Unntil we sat down on Saturday night for a lecture from Perry Kramer about “Why Your Giant Bicycle is So Kick Ass.”

There is no “I” in TEAM

However, if you add an “e,” there’s most definitely an “Eat me.” And truth be told, for years and years and years, my attitude towards carbon bicycle frames has been just that: “Eat me.”

So when I learned that Giant would be the new gorilla sponsor for the team’s bicycles, I shrugged. “Great. Another nameless Taiwanese manufacturer with no soul, cranking out machine-made bikes at a rate of 1,000 per hour.”

Having ridden Specialized for the last four years, I’d given up on the Eurocentric, hand-crafted mythology that used to accompany bicycles when they were made from Columbus tubing, by hand, in some Italian or Belgian village. I’d accepted that the future of cycling was nameless, interchangeable, soulless, plastic knockoffs made by assembly line workers pushing “start” and “stop” buttons on the Carbon Frame Goop-a-tron: Lighter, faster, stiffer, more aerodynamic…but spiritually dead.

And after experiencing the superiority of the carbon frame over steel, I’d made peace with the trade-off. Carbon frame isn’t more soulful. But it is mo bettah.

You may be wrong (but you may be right)

When Perry stood up to make his presentation, I was ready to let the words flow into the right ear and out of the left one, making minimal contact with the thinking organ in between. The only tingle of curiosity I had was this: Would he explain why my Giant TCX ‘cross bike rode so well?

Although I’m a complete clod when it comes to bikes and the way they perform, and my ignorance is trumped only by my cluelessness of why they perform the way they do, from the first time I rode my TCX I’d been blown away by the way it handled. Of course, I chalked it up to the fact that I’d never raced or ridden a ‘cross bike before, and this was just how ‘cross bikes rode.

What piqued my curiosity, though, was the fact that when I’d had to put road wheels on the TCX and use it for road riding while my Venge was having its radiator replaced and its water pump serviced, the Giant ‘cross bike had handled better and climbed better than the Specialized road unit. What was that all about?

We are the sum of our prejudices

It turns out that I’m not simply dumb about bike handling and performance characteristics and why bike frames are the way they are. From the beginning of the slide show I found out that I knew even less than I’d already thought I didn’t know, which was everything.

For example, I thought you made a carbon bike frame the same way you make a toy set for a Happy Meal, by pouring a bunch of carbon fiber goop into a mold. The mold cools, you slap on a decal and some wheels, and boom! There’s your new Specializedgianttrekwillierscannondalepinarello carbon bike.

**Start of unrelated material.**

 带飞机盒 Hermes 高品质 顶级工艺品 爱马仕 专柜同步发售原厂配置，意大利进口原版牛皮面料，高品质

I’ll spare you the technical details, mostly because I don’t understand them, but there’s no big Goop-a-tron at the Giant factory, with little people pouring in buckets of goop into a cauldron and stirring it with goop sticks until it’s ready for molding. Here’s the shocking fact about how Giant bikes are made: By hand.

More precisely, by 32 pairs of hands, as sixteen is the number of people involved in the meticulous, piece-by-piece construction of each bike. The bikes are painstakingly built over a mold sort of like those horrendous, smelly, ugly, badly painted papier-mache things you had to do in 3rd Grade art class. Strips of carbon fiber are placed in a specific order over the mold, then hardened with resin which is heated and pressed in an oven.

The secret to the way a carbon bike rides lies in the shape of the mold, the type of carbon fiber used, the size of the fiber strips, the number of the fiber strips, the order in which the strips are placed onto the mold, and most importantly, the “secret sauce,” or proprietary resin mixture that bonds and later hardens the carbon fiber.

Changing any of these variables changes the way the bike behaves. The best combination, or the design + technique, is what makes a carbon frame world class or a spongy piece of bubble gum.

The reason my TCX handles so well

After listening to Perry’s awesome explanation and being imbued with extensive tech specs and production process explanations, I can sum it up like this: “The TCX rides so well because it’s ****in’ *****in’ rad and badass.”

Hopefully, once I get on the Giant TCR road frame, I’ll have an equally sophisticated explanation for it, assuming it rides as well as my TCX.

Changing perceptions

In addition to learning that there was no Goop-a-tron, and no slave labor pouring carbon into a cauldron, I learned why Giant has flown under my radar screen for so many years despite being one of the biggest manufacturers in the world for composite frames, and being the only large manufacturer that controls the entire production process from weaving the carbon fiber to slapping the decal on the finished product.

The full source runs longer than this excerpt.